The choreography and music of Battery Dance aim to reflect the multiplicity of cultural influences in American society. Tonight at the Schimmel Center at Pace University, see a program including the world premiere of The Red Line by choreographer Tadej Brdnik of the Martha Graham dance school, with music by Syrian-born composer and clarinetist Kinan Azmeh, a Grammy-winner and member of Yo-Yo Ma’s Silk Road Ensemble. Tickets are $19 to $29.
3. Be inspired by ladies who art.
You may not be able to be Oprah but you can replicate her tastes by purchasing work she curated with Agnes Gund for this Friday’s auction at Sotheby’s.
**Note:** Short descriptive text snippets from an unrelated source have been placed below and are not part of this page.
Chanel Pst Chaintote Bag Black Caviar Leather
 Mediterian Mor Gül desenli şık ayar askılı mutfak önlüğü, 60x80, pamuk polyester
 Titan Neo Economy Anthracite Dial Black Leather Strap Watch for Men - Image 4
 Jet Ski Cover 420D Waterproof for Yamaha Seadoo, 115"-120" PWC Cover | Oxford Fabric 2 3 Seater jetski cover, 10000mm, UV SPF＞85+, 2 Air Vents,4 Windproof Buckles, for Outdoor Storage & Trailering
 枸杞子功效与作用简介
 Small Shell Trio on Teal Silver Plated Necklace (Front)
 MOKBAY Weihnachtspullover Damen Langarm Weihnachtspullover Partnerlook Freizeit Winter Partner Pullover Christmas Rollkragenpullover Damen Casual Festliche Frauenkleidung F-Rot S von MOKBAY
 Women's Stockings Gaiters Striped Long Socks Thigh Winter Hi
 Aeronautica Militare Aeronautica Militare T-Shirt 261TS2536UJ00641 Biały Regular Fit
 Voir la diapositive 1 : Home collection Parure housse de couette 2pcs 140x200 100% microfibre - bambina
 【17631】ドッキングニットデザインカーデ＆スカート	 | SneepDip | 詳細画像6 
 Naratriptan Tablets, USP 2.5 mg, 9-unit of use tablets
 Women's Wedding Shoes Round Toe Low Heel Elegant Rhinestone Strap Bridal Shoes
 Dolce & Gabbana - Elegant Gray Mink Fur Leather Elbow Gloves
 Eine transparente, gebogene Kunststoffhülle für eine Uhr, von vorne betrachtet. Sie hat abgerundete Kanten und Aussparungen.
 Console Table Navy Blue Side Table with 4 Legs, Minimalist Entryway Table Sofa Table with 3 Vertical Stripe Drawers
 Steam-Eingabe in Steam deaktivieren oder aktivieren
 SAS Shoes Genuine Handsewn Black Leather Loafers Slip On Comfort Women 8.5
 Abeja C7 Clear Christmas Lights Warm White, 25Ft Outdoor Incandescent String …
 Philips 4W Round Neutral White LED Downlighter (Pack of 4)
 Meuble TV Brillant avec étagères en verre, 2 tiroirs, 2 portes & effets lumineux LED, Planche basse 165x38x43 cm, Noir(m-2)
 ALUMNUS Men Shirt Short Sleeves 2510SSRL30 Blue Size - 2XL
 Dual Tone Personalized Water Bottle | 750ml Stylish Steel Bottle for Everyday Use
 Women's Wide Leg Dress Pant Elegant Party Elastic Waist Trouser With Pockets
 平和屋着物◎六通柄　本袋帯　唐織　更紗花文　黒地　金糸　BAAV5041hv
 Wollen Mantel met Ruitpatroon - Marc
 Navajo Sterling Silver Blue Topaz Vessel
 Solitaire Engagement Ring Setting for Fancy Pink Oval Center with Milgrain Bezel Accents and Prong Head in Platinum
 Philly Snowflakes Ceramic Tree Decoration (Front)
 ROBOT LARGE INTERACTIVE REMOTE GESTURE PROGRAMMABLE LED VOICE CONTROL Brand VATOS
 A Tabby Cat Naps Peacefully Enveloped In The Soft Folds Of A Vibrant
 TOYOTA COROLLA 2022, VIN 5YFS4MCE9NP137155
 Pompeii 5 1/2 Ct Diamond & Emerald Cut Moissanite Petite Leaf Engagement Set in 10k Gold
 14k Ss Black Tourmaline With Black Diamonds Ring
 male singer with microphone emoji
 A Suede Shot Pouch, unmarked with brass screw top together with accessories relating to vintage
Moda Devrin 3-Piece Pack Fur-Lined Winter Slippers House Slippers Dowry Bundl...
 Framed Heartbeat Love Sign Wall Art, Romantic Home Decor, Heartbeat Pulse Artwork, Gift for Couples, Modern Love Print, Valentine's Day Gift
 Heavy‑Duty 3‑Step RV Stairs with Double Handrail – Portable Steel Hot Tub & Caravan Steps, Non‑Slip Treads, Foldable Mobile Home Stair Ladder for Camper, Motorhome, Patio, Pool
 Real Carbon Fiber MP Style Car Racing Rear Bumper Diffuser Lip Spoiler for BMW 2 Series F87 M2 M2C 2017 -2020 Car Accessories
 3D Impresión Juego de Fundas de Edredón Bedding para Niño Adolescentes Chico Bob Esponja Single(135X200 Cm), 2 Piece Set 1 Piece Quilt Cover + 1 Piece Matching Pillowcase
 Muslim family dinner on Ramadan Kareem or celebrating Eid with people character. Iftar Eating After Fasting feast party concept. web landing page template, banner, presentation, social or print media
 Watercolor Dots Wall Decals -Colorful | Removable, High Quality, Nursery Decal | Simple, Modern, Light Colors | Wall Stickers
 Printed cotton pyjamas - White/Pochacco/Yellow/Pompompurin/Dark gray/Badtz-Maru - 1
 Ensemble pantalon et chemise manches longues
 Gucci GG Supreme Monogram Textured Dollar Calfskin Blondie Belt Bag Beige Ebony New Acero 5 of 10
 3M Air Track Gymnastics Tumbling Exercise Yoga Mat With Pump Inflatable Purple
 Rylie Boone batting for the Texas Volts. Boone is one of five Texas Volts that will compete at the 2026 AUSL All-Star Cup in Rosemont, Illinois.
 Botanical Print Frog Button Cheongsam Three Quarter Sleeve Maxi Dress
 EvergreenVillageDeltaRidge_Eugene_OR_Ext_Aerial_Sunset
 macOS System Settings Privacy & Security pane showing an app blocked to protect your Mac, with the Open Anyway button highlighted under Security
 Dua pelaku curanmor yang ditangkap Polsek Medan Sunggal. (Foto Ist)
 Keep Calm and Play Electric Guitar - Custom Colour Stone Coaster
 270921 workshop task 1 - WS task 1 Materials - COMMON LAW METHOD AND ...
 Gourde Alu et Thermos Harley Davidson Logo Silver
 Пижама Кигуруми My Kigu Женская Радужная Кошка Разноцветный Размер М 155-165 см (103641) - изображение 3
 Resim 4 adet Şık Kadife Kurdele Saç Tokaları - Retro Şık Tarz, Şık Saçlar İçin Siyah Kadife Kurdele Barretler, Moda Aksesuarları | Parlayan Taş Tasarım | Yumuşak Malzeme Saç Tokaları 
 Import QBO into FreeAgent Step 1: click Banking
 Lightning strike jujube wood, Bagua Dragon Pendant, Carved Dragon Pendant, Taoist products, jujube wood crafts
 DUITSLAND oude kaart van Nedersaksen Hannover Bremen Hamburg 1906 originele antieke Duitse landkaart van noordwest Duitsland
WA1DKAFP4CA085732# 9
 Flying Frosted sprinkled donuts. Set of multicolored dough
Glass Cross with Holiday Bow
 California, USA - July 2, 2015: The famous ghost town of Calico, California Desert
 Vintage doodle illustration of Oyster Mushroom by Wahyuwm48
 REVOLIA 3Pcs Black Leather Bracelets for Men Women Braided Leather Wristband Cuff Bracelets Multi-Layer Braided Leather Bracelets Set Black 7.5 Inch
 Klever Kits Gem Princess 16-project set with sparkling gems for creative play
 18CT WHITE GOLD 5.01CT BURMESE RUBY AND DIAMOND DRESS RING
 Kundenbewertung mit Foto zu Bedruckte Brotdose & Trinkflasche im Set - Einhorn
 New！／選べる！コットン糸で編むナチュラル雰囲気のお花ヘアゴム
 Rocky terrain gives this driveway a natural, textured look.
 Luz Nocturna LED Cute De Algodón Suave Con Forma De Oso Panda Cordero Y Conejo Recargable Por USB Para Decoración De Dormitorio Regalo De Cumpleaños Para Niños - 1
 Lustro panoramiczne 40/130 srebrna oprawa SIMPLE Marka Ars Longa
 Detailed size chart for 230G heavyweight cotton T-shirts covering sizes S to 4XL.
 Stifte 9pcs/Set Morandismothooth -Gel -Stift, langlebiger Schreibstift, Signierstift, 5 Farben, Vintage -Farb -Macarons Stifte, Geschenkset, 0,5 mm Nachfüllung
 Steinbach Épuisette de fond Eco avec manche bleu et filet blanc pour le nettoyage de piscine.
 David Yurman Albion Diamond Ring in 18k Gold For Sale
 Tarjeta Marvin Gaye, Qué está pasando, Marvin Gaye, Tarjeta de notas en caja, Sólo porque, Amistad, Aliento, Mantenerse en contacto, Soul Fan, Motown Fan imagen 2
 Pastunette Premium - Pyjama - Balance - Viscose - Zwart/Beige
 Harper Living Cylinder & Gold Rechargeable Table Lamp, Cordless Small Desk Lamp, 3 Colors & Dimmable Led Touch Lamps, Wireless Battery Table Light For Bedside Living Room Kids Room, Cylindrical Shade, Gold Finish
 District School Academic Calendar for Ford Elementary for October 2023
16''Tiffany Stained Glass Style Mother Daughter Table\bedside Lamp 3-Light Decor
Titled “By Women, for Tomorrow’s Women,” the show is comprised exclusively of works by women artists, including Jenny Holzer, Carrie Mae Weems, and Kiki Smith, and headlined by Cuban artist Carmen Herrera’s Blanco y Verde, which is estimated to catch a cool $1.5–2 million. This goes down at 9:30 a.m. tomorrow and all Sotheby’s auctions are open to the public, but if you’d rather avoid accidentally bidding on something, you could always head to the Guggenheim. The Hilma af Klimt exhibition is still up and if you haven’t seen it, it’s about time you did.
4. Pick a film festival, any film festival.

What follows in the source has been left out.